La formation des policiers municipaux est assurée par le Centre national de la fonction publique territoriale (CNFPT)(nouvelle fenêtre) et financée par les collectivités territoriales, qui lui versent 0,9% de leur masse salariale. Selon le rapport de la Cour des comptes, cela représente 24,7 millions d’euros pour le CNFPT en 2018.
Une politique de l’État peu active vis-à-vis des polices municipales
Selon la Cour des comptes, l’État jusqu’à présent s’est abstenu de définir une politique vis-à-vis des polices municipales. Le ministère de l’intérieur reste neutre, invoquant :
- le libre choix des maires ;
- l’adaptation aux réalités locales.
Le ministère de l’intérieur refuse d’autant moins d’assumer le retrait des forces de sécurité intérieures du champ de la tranquillité publique que là où une police municipale est en place « un service équivalent est rendu à la population par des forces locales équipées et compétentes« , selon la Cour des comptes.
Les forces nationales doivent dans le même temps s’appuyer de plus en plus sur des équipages municipaux dans une mission de lutte contre la délinquance qu’elles remplissent imparfaitement, faute de moyens.
Les conventions de coordination sont en décalage avec la réalité des interventions quotidiennes des polices municipales. Elles devraient préciser plus la répartition des rôles entres les différentes forces.
Selon le rapport du Sénat précité, si les manquements aux règles déontologiques des polices municipales sont limités, c’est dû en partie à la faiblesse de leurs pouvoirs de contrainte. Mais l’extension de leur champ d’intervention et de leur armement pose la question du pouvoir de contrôle externe de l’État, aujourd’hui insuffisant.
Une concertation et une évaluation nationales limitées
Si la police municipale est un pouvoir du maire, la Cour des comptes souligne que l’encadrement des moyens et des prérogatives des polices municipales suppose une intervention du législateur ou du pouvoir réglementaire.
Le suivi des polices municipales est assuré par différents services de l’État :
- la Direction des libertés publiques et des affaires juridiques(nouvelle fenêtre) (DLPAJ, ministère de l’intérieur), qui détermine le cadre juridique relatif à leurs moyens et à leurs pouvoirs. Elle s’appuie sur les directions générales de la police et de la gendarmerie nationales, qui recensent entre autres les effectifs d’agents municipaux ;
- la Direction générale des collectivités locales(nouvelle fenêtre) (DGCL, ministère de la cohésion des territoires et des relations avec les collectivités territoriales), associée à l’élaboration des textes concernant les compétences des agents de police municipale, les différentes catégories de personnel ;
- la Délégation ministérielle aux partenariats, aux stratégies et aux innovations de sécurité(nouvelle fenêtre) (DPSIS, ministère de l’intérieur), qui suit les travaux d’avancement concernant les polices municipales et assure le dialogue avec les organisations syndicales de la profession.

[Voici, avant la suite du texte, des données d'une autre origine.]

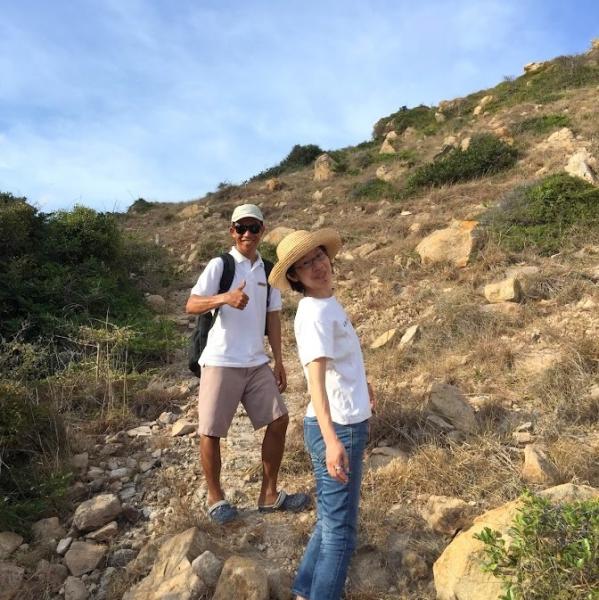 慣れたスタッフに従い、岩山を上ります。正味1時間弱のライト級。靴も貸してもらえます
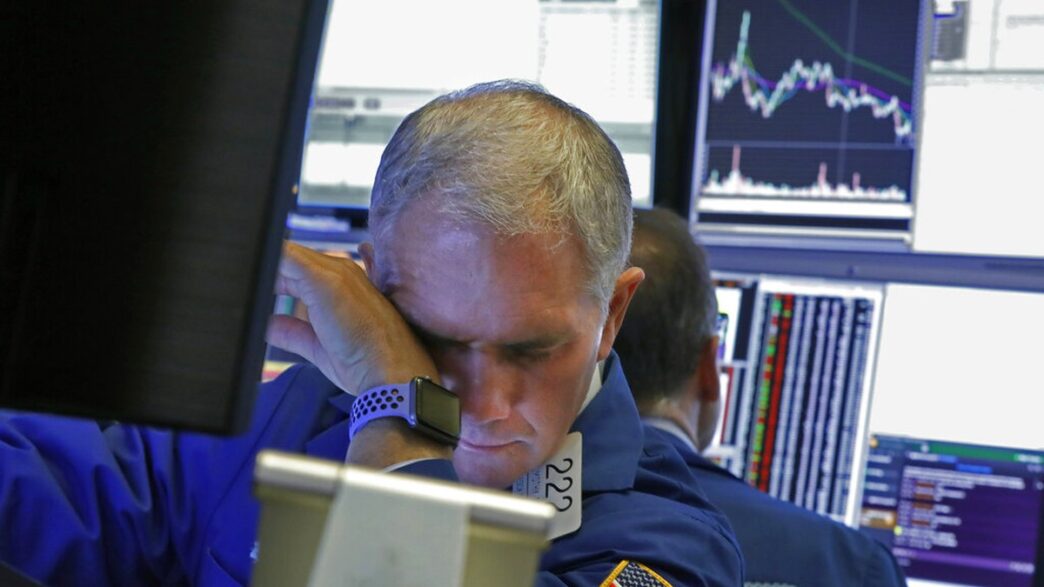 Gráfico demonstrando a queda das bolsas de Nova York em resposta a novas preocupações sobre a relação comercial entre EUA e China.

Une commission consultative des polices municipales (CCPM)(nouvelle fenêtre), créée par la loi de 1999, est composée de maires, de représentants de l’État de représentants d’organisations syndicales.
Elle est obligatoirement consultée sur :
- la carte professionnelle ;
- la tenue et les équipements ;
- le code de déontologie ;
- en amont de toute procédure d’inspection diligentée par le ministre de l’intérieur.
Si la CCPM a permis d’acter des évolutions importantes (emploi de caméras piétons, obligation de formation pour le port d’armes de catégorie D…), elle se réunit trop rarement sur des sujets qui peuvent relever d’autres instances.
Elle est le seul organe de dialogue entre maires, État et représentants syndicaux mais ne se réunit qu’une seule fois par an. Les évolutions récentes(nouvelle fenêtre) dans les prérogatives des polices municipales ont été introduites sans son intervention (palpations de sécurité, filtrage de l’accès aux périmètres de protection).